On the other hand, Fig. S1 illustrates the radius of gyration (Rg) and solvent accessible surface area (SASA) plots for these two best ligands along with standard rivastigmine, docked with studying receptors. Rg has determined the compactness of the system. Both these complexes correspond similar Rg pattern of about 2.78 nm as compared to standard complex after 10 ns, revealing similar compact behaviour for these two complexes (Fig. S1a). In Fig.
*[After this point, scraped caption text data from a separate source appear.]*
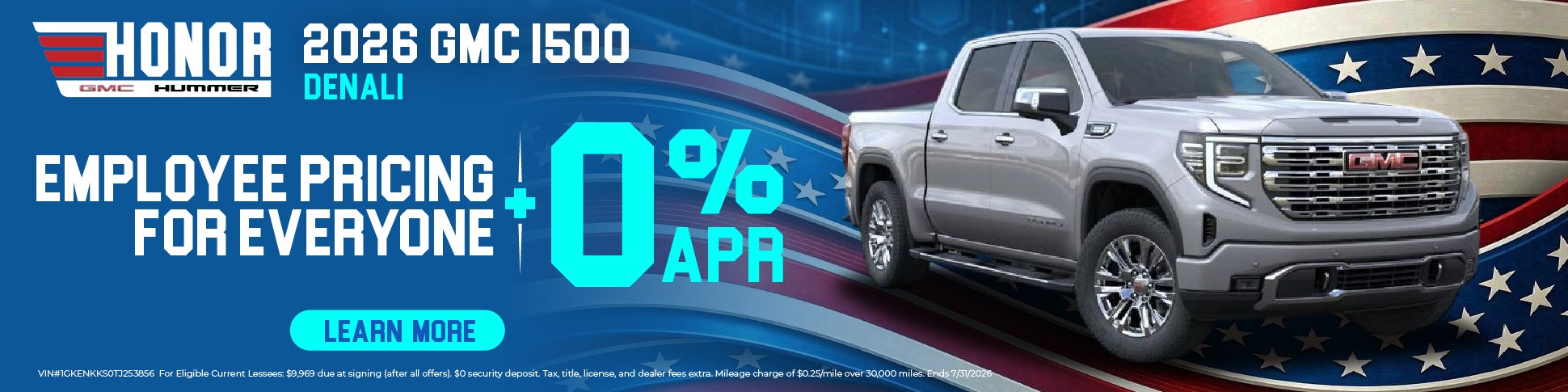 Employee Pricing + 0% APR 2026 GMC Sierra 1500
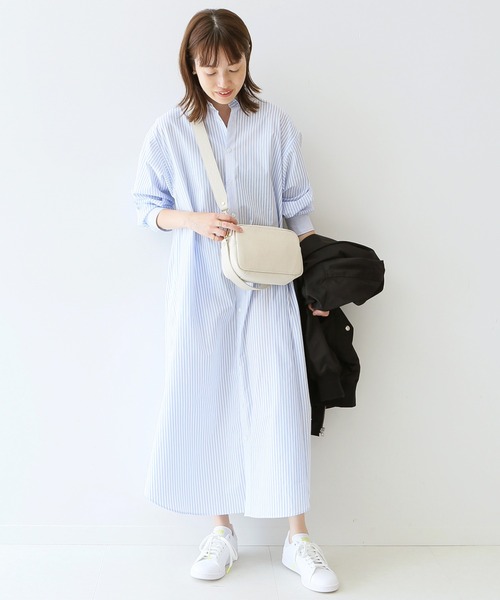 SLOBE IENA(スローブイエナ)の「コットンブロードシャツワンピース◆(シャツワンピース・レディース・グリーン系その他2/サックスブルー/グレー系その他・FREE)」の17枚目の写真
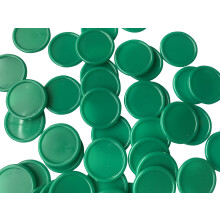 500 X TOKENS DRINK VOUCHERS REWARDS POKER CHIPS 25MM (Green)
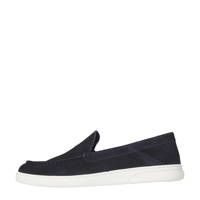 Tommy Hilfiger   suède loafers donkerblauw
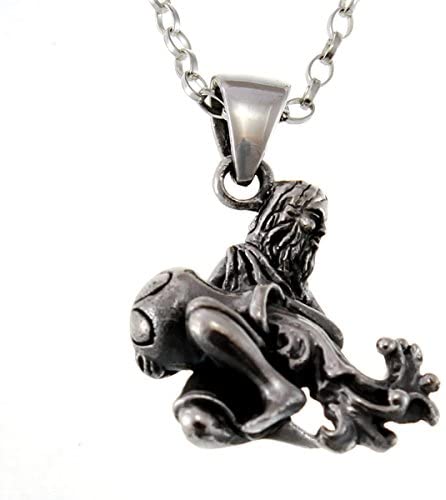 Sterling Silver Aquarius (The Water Bearer) Pendant Necklace & 18" Chain
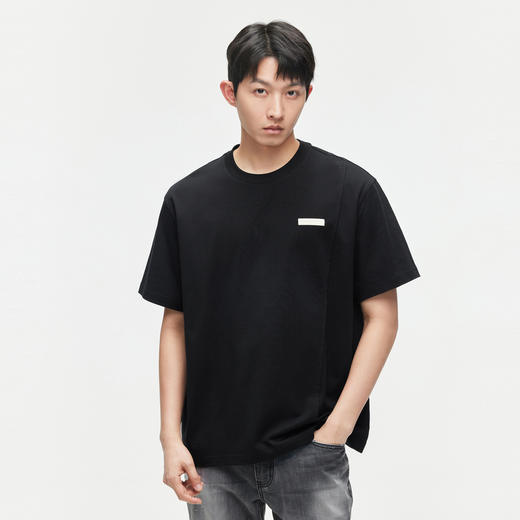 GXG夏季热卖多色纯棉男士休闲小标修饰圆领短袖t恤男 商品图2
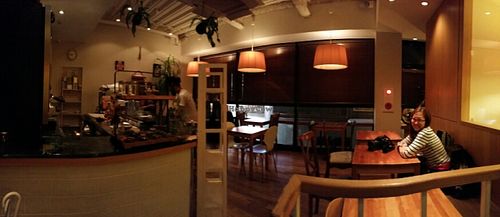 inside  at Cafe Atl in Osaka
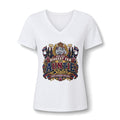 Auntie Status V-Neck Tee — Biggest Fan Aunt Shirt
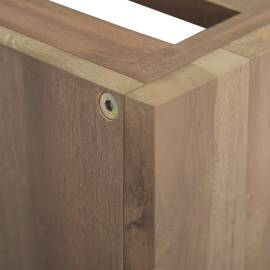 Dulap de baie suspendat, 46x25,5x40 cm, lemn masiv de tec, 6 image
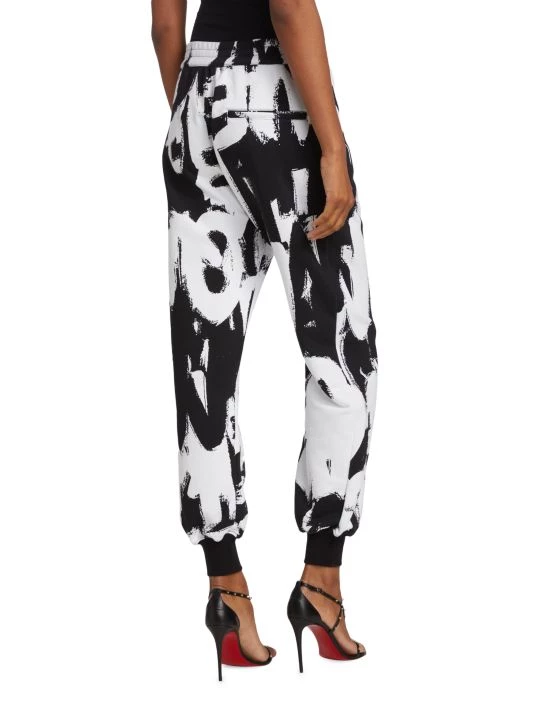 Alexander McQueen Graffiti Cotton Jogger Pants 4 Alexander McQueen Graffiti Cotton Jogger Pants - Image 4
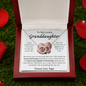 Lovely Granddaughter Love You Papa/ Perfect Pair Necklace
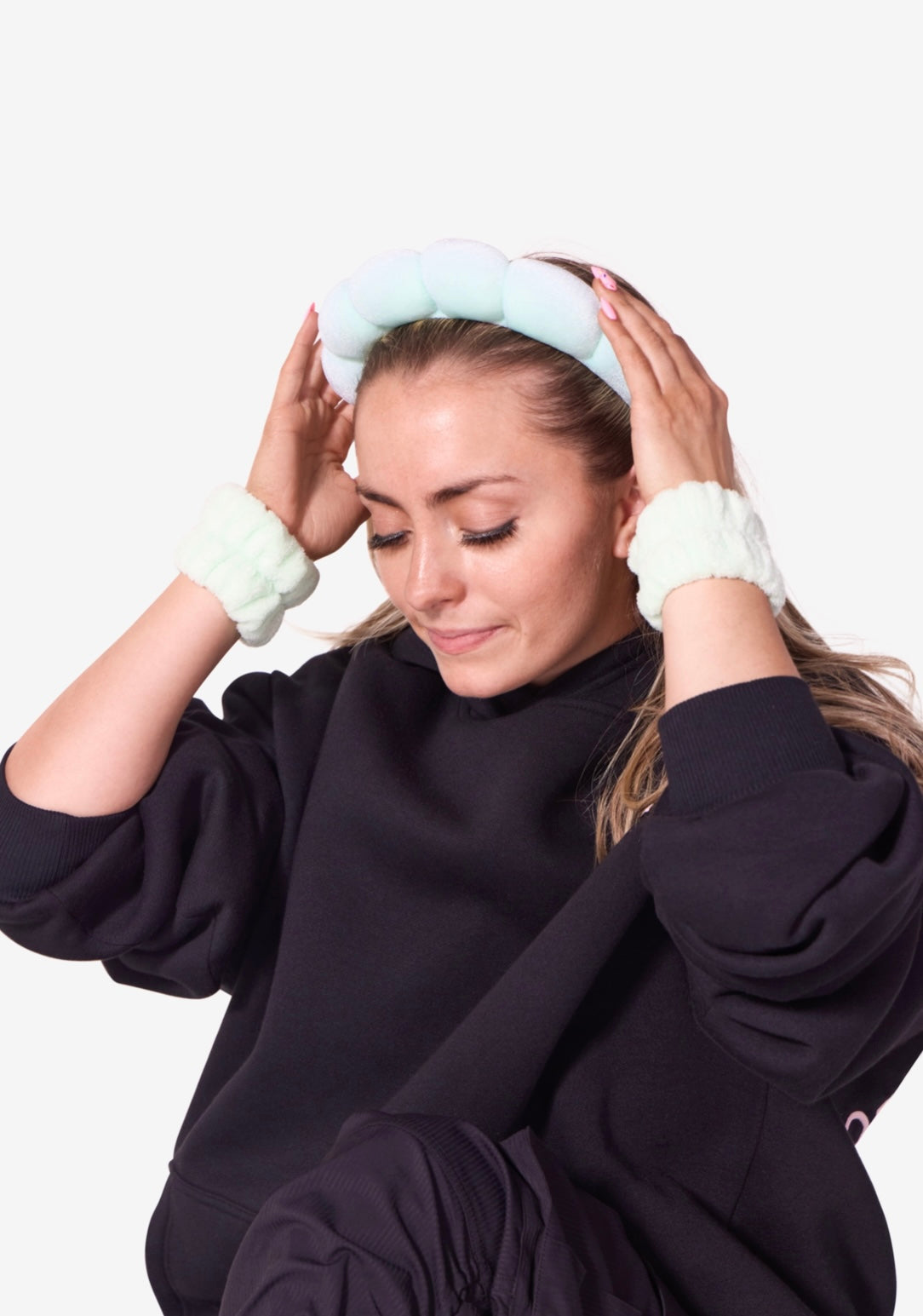 Bunheads Slay The Day 3 Piece Spa Set - Mint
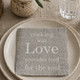 cooking with love paper napkins 33x33cm linen look printed serviettes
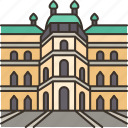 upper, belvedere, vienna, historic, landmark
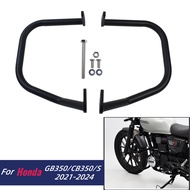 GB350 CB350 RS Crash Bars Engine Guard Frame Bumper For Honda GB CB 350 2021-2024 Motorcycle Highway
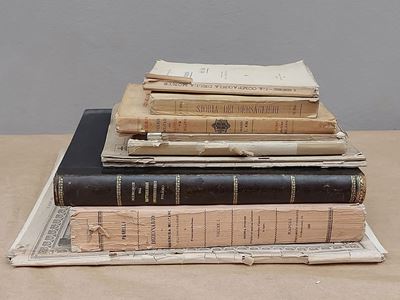 Lotto di Libri, Opuscoli e Riviste Militari Dell'ottocento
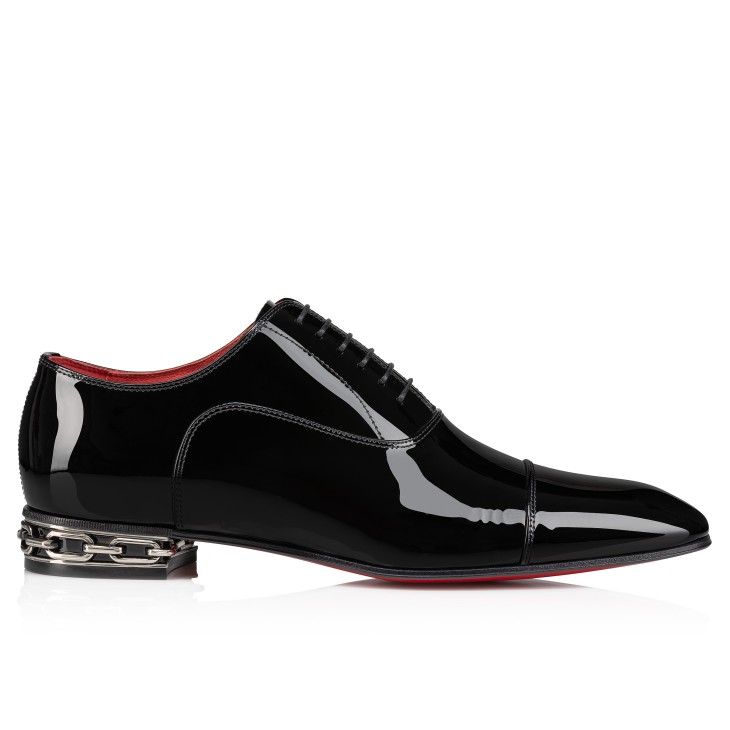 Christian Louboutin Greggy Men Buckle Shoes Black | WTCBNG-798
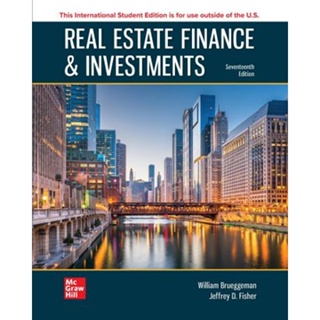 Real Estate Finance & Investments 17th Edition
S1b, it has been found that the docked structures (protein-R36 and protein-R47) have almost similar SASA pattern of around 303 nm2, compared with protein-rivastigmine complex.
Furthermore, we have performed g_mmpbsa binding free energy analysis and we have measured the contribution energy of each residues as shown in Fig. S2. Different free energy parameters that contribute to the binding energy are plotted in Fig. 8. Here, the docked complex of R47-4F5S has the highest contribution towards van der Waal interaction, electrostatic, polar and non-polar solvation as well as binding free energy (Table S5).